** PROVIDED DATA follows **
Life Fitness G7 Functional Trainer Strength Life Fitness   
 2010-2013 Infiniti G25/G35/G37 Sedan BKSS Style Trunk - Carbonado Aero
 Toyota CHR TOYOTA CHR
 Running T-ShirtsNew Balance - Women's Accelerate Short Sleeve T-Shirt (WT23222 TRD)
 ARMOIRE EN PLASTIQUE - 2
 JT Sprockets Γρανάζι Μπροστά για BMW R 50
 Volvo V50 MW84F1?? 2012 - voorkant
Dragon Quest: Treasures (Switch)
** End of PROVIDED DATA **
> _REQUIRED ACTION_
From the first line to the last, return the material exactly.

> _OUTPUT OF THE TASK_
Life Fitness G7 Functional Trainer Strength Life Fitness   
 2010-2013 Infiniti G25/G35/G37 Sedan BKSS Style Trunk - Carbonado Aero
 Toyota CHR TOYOTA CHR
 Running T-ShirtsNew Balance - Women's Accelerate Short Sleeve T-Shirt (WT23222 TRD)
 ARMOIRE EN PLASTIQUE - 2
 JT Sprockets Γρανάζι Μπροστά για BMW R 50
 Volvo V50 MW84F1?? 2012 - voorkant
Dragon Quest: Treasures (Switch)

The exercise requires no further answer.